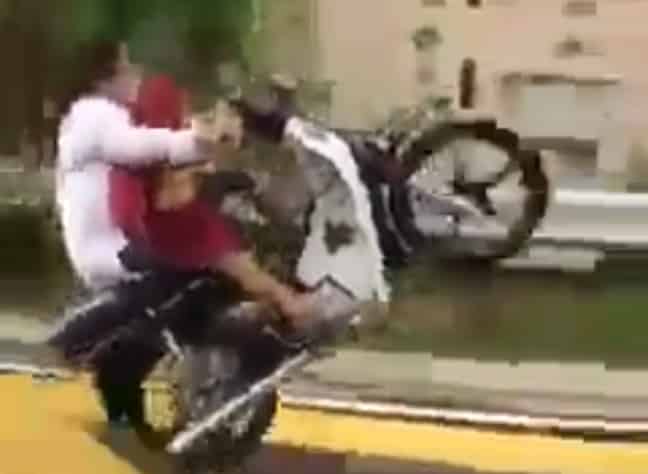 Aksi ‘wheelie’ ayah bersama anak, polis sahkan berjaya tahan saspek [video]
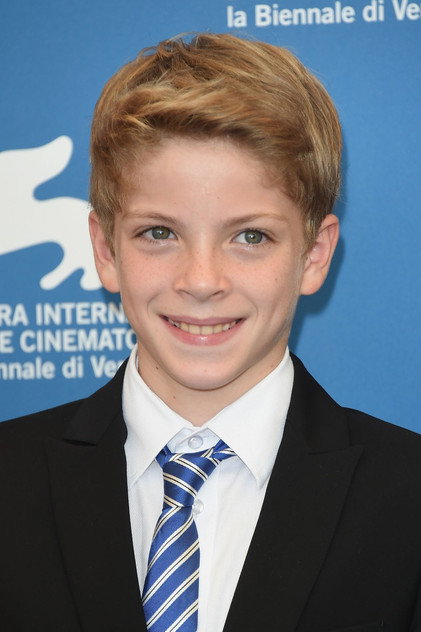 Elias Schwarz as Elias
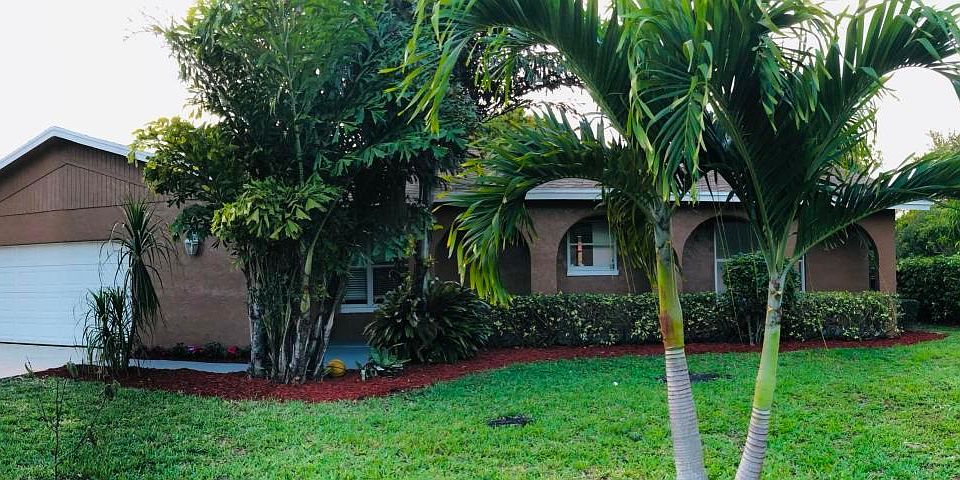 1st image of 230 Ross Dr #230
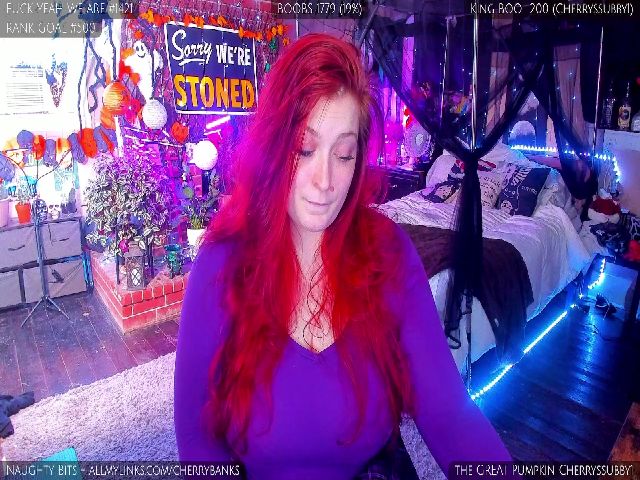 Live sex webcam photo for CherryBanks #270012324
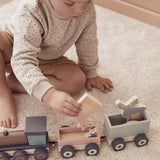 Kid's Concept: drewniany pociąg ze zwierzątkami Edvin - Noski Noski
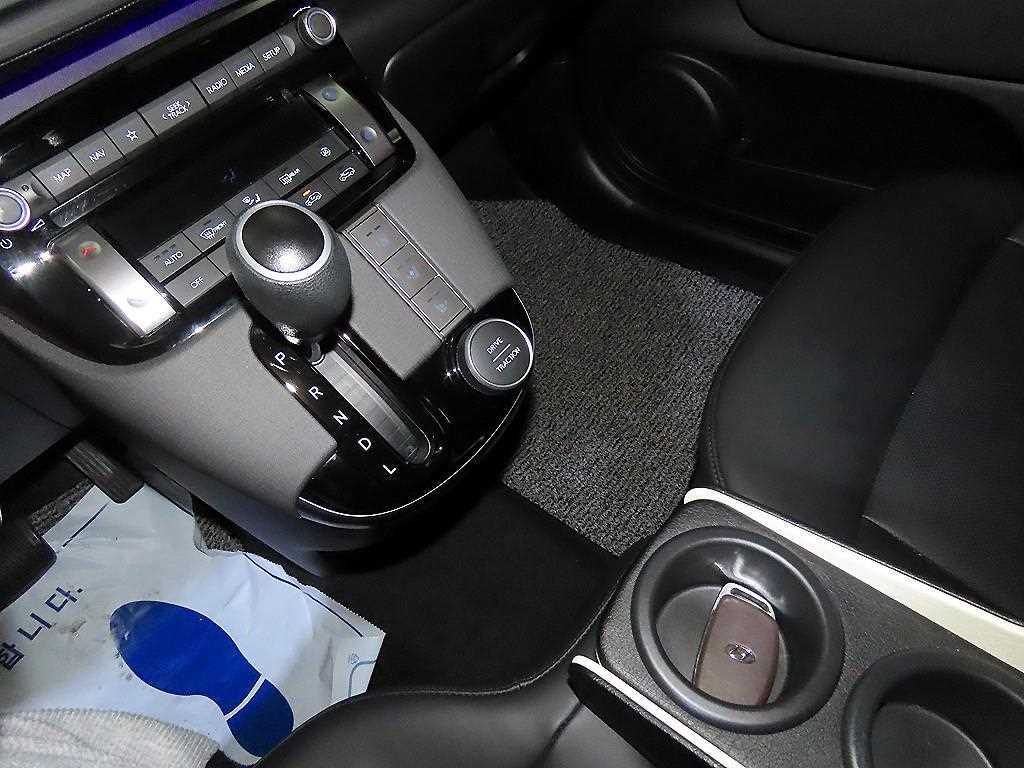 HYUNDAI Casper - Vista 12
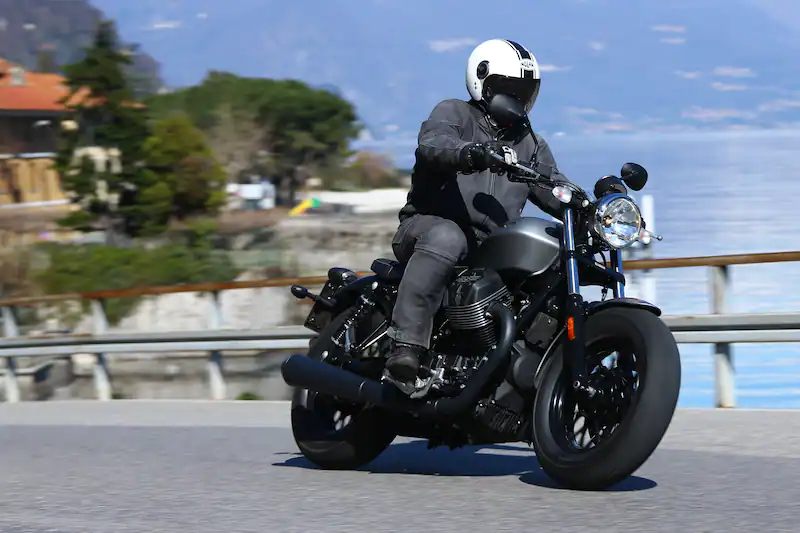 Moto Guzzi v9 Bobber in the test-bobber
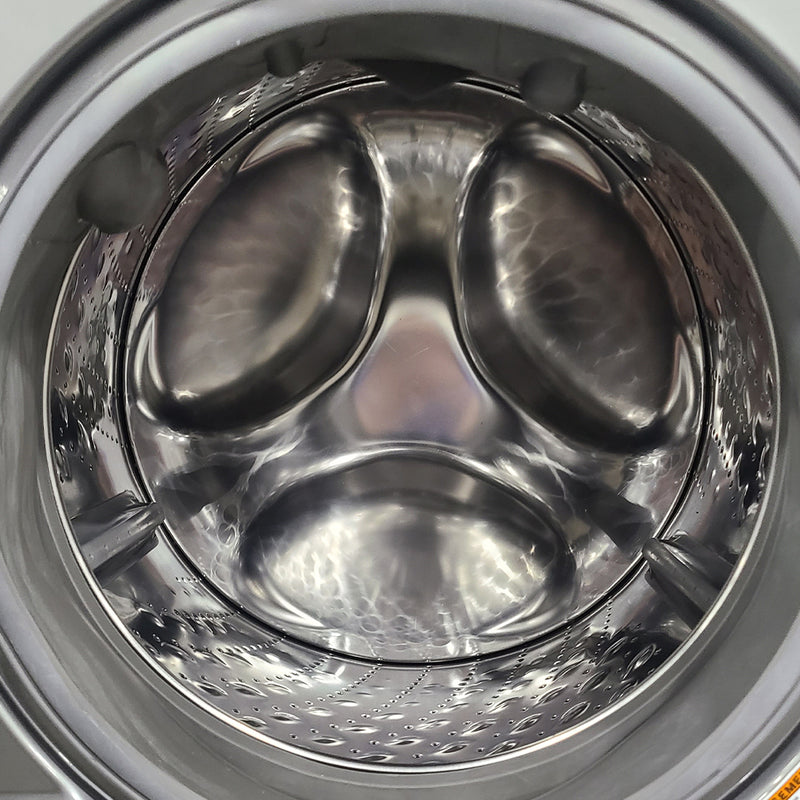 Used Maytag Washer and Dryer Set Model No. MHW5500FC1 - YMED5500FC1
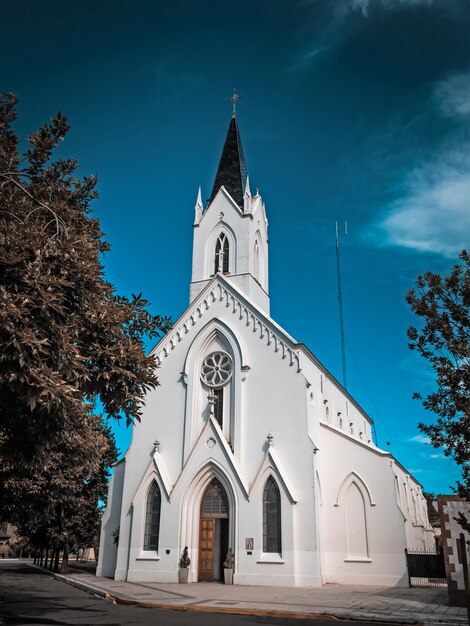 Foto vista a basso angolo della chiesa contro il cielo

**The problem:**
Word for word, return the listing above; the pictures do not belong in the copy.

**Finished exercise:**
 Aksi ‘wheelie’ ayah bersama anak, polis sahkan berjaya tahan saspek [video]
 Elias Schwarz as Elias
 1st image of 230 Ross Dr #230
 Live sex webcam photo for CherryBanks #270012324
 Kid's Concept: drewniany pociąg ze zwierzątkami Edvin - Noski Noski
 HYUNDAI Casper - Vista 12
 Moto Guzzi v9 Bobber in the test-bobber
 Used Maytag Washer and Dryer Set Model No. MHW5500FC1 - YMED5500FC1
 Foto vista a basso angolo della chiesa contro il cielo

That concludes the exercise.